The Evening Standard has a piece by business editor Jonathan Prynn who says politicians “could soon spoil the party for BP”. He writes: “We are about to enter a very ugly period politically when a prime minister instinctively opposed to interventions such as windfall taxes could be replaced by a successor much more concerned about winning their own mandate in 2024. BP should enjoy the moment, the public demand for action is likely to prove hard to resist”. In the Financial Times, columnist Cat Rutter Pooley writes that BP’s promise to invest in UK clean energy and energy security are a “goodish defence against the public calls for windfall taxes”, but adds that “the problem is these are long-term projects”. She says that while BP is in a difficult situation regarding its public image, “goodwill gestures” such as TotalEnergies’ announcement of a cut to prices at the pump in France could be “politically and financially astute”.
Writer Hamilton Nolan has a piece in the Guardian headlined: “The world is ablaze and the oil industry just posted record profits.
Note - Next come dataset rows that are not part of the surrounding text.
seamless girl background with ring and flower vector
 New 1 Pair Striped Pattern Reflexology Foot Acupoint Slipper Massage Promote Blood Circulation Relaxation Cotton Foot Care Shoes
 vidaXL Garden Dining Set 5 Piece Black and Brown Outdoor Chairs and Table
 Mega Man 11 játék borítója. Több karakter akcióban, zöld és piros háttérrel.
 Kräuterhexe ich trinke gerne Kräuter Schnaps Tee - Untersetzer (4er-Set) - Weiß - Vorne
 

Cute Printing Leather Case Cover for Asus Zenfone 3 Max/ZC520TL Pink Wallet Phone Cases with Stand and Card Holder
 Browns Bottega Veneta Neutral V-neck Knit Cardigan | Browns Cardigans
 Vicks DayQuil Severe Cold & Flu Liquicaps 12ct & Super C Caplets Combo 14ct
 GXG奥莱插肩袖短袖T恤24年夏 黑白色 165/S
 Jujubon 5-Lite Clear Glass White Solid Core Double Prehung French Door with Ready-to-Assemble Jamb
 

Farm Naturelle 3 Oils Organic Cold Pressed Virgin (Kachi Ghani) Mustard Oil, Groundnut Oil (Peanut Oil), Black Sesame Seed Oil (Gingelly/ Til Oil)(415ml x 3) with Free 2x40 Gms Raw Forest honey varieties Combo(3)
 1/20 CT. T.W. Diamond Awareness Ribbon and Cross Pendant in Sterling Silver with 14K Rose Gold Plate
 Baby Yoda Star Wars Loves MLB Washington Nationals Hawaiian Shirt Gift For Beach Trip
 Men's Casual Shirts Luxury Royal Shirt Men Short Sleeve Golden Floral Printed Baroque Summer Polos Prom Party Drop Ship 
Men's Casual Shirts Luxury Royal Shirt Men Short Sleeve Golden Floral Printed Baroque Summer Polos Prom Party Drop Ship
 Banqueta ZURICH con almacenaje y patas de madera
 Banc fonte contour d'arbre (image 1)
It’s us or them.” He writes in favour of radical action and protest: “It is folly to assume that a system that has been constructed in part by the corporate power of the energy industry will find a way to rein in that same industry against its wishes. It’s wilfully stupid to imagine that electoral politics will be up to this task.” Actress Emma Thompson also has a piece in the Guardian on the power of protest, specifically criticising fossil fuel companies’ “greenwashing” practices.
Science.
Ocean acidification can alter natural selection on offspring size of fish and “is likely to drive contemporary evolution”, a new study says. Researching the coastal fish species California grunion, the study demonstrates that “larval mortality is highly sensitive to ocean acidification and that mortality rates are lower for larger larvae”. These effects “are countered by tradeoffs between offspring size and number”, the author notes. They add the the results “suggest that contemporary evolution may offset the projected decline in reproductive success by about 50%”.